All houses have a story, some have an adventure

Play
Adventure Romain Mazevet & 2 Others

Home Sweet Home

All houses have a story, some have an adventure

Home Sweet Home

Directed By Romain Mazevet & Pierre Clenet & Alejandro Diaz
Produced By Supinfocom
Made In France

Screened at some of the biggest film festivals worldwide, 2013 Supinfocom animation Home Sweet Home has charmed and entertained audiences wherever it has played with its stunning visual style and moving narrative. With the Supinfocom brand becoming well-known for producing animation of the highest technical quality, directors Pierre Clenet, Alejandro Diaz, Romain Mazevet and Stéphane Paccolat might just have created the most aesthetically impressive short to come out of the French computer graphics university so far.

This is the story of a house which escapes from its suburban foundations and sets off on an epic journey.

Tackling themes of friendship, travelling and death in its 10-minute duration, Home Sweet Home combines elements of road-trip, apocalyptic and buddy narratives in its story of a couple houses travelling across America. Set in a universe where humans no longer exist (or perhaps just aren’t seen), the Home Sweet Home team do a great job of attaching emotion and personality to their 4-walled characters. It’s a pretty light-hearted romp considering the concept was based on the American housing crisis (a lot of the design of the early scenes was inspired by photographs of abandoned Detroit buildings) and although it’s a film that covers some fairly heavy topics, Home Sweet Home feels like a short the whole family could enjoy (lets face it – it’s no darker than that opening to Up).
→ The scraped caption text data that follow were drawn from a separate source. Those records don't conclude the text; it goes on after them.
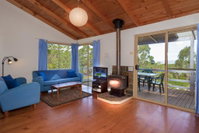 Bombina Cottages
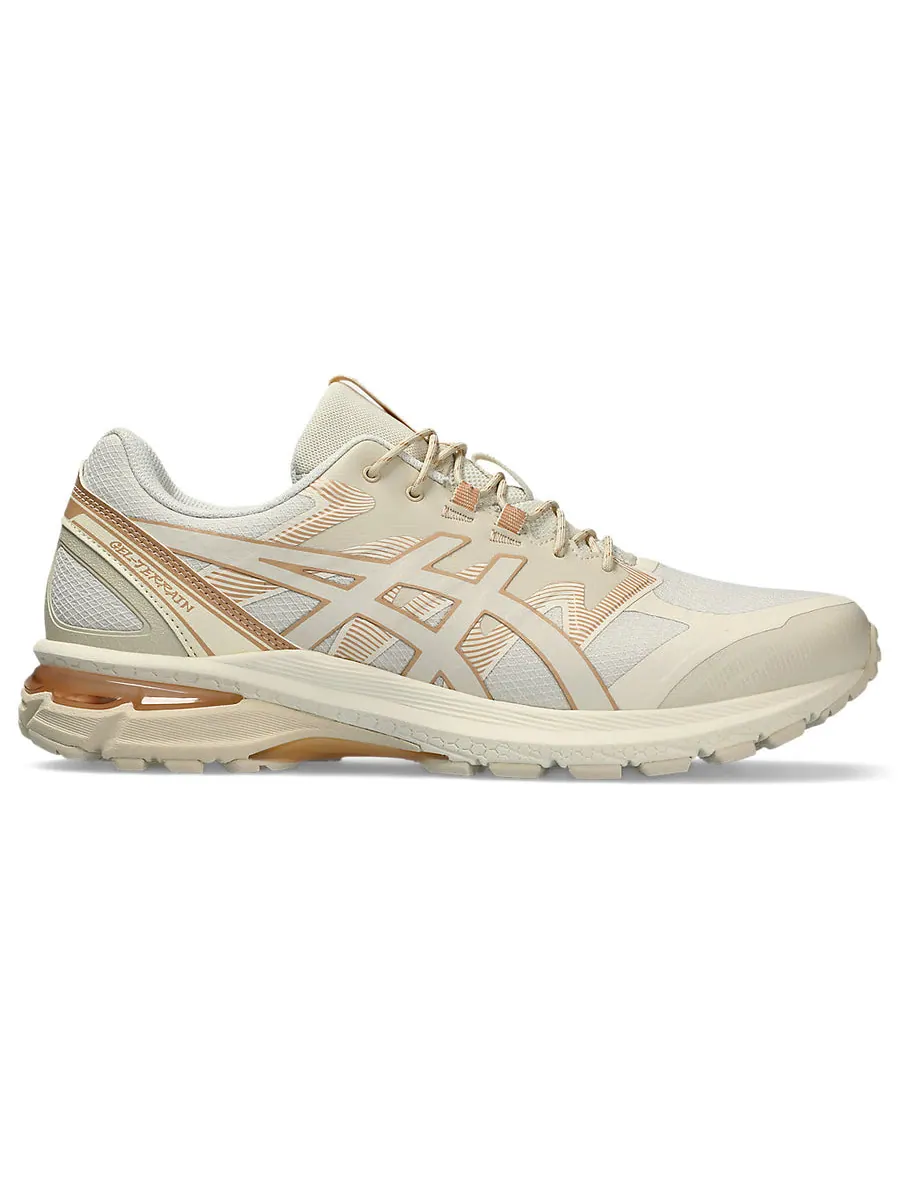 Кроссовки ASICS Gel-Terrain 'Birch' — изображение 2 из 6, бежевый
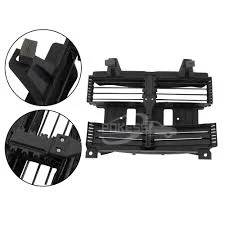 Factory Outlet High Quality Radiator Side Guard No Motor Radiator Sh... — 5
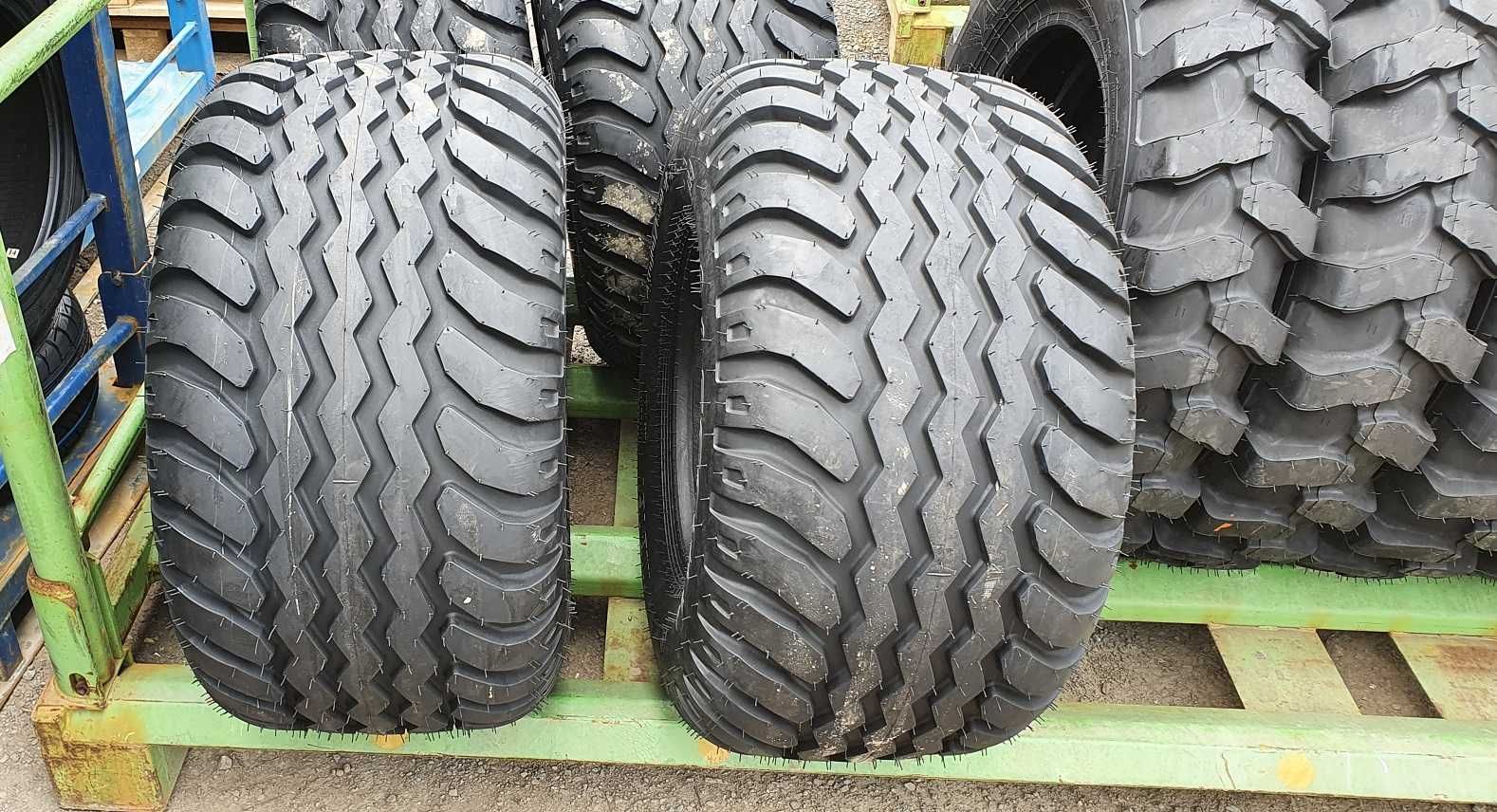 Opona Ascenso 400/60-15.5 IMB 161 148A8 16PR TL 5 lat gwarancji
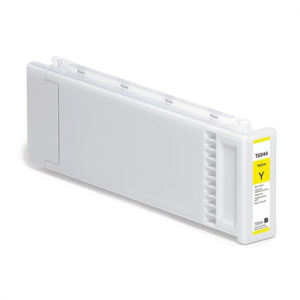 Compatible Epson T6944 Yellow Ink Cartridge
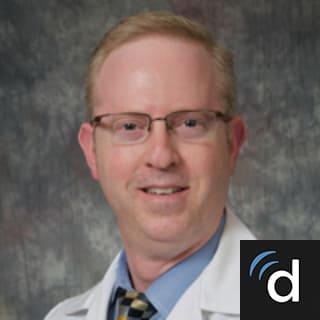 David Driban, MD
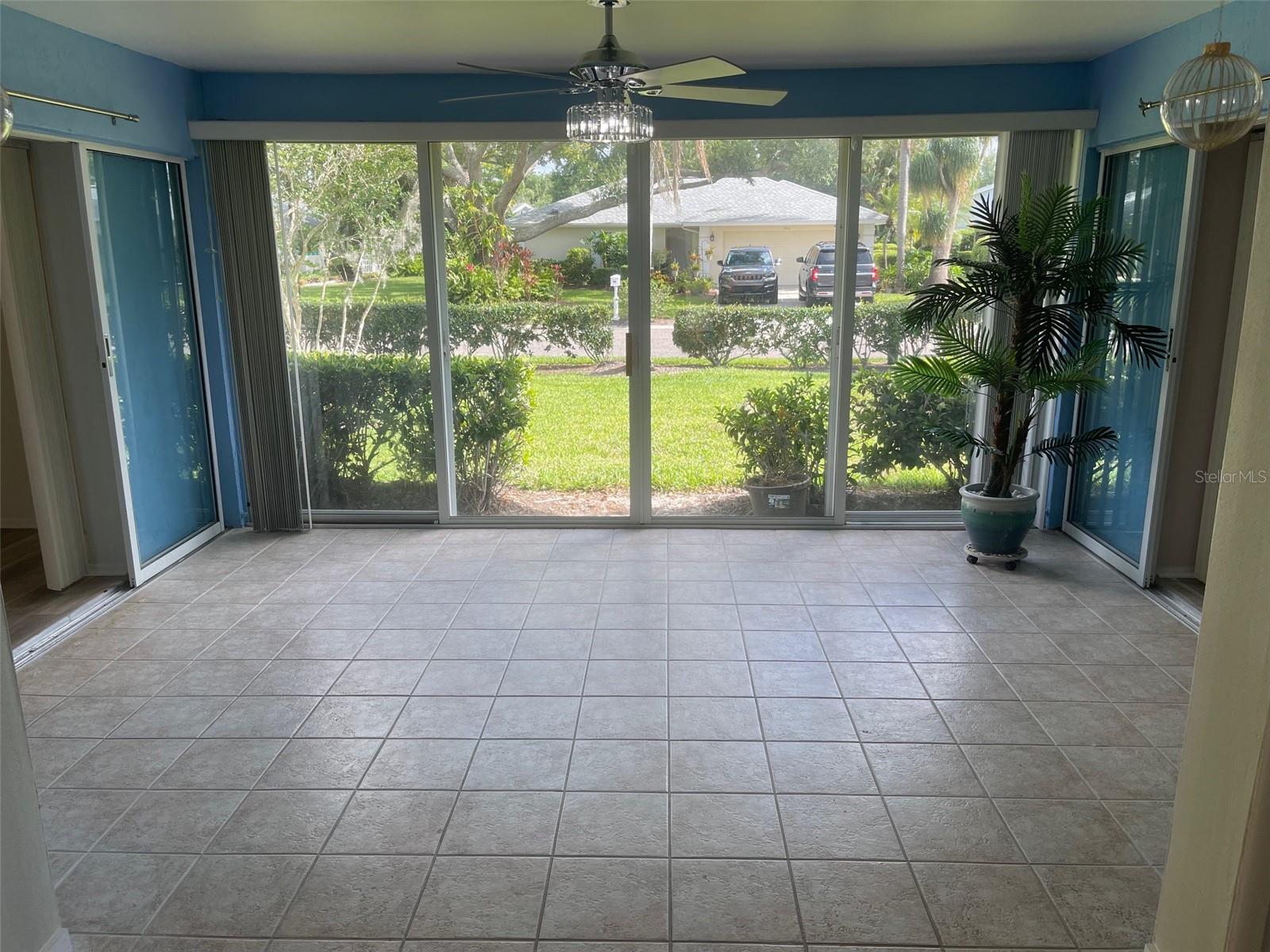 PINEHURST SEC I - Residential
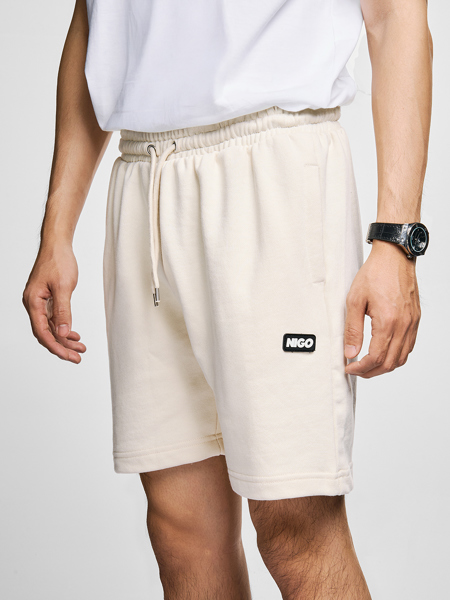 Quần short thun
Narratively, Home Sweet Home is a short that feels like it could benefit from a tighter edit, the pace can be a little slow at times and its probably a couple of scenes too long, but this is somewhat forgiven when you spend its less-engaging moments taking in the meticulously designed environments. Visually, it feels like it’s an animation that can stand-up to the work coming out of some of the largest animation studios around (and its hard not to compare the aesthetic to the 2006 feature animation Monster House) and lets be honest here – it’s the style that wins us over at the end of the day. Sure its storyline has some touching moments and surprisingly well-rounded characters, but it’s the technical achievements of these 4-animators that has got everyone talking (the film has already clocked-up over 160k views on Vimeo since being released over a week ago). Whether you want to deem it a calling-card for the industry they want to work or a passion-piece dedicated to the medium they love – it’s really hard not to be impressed.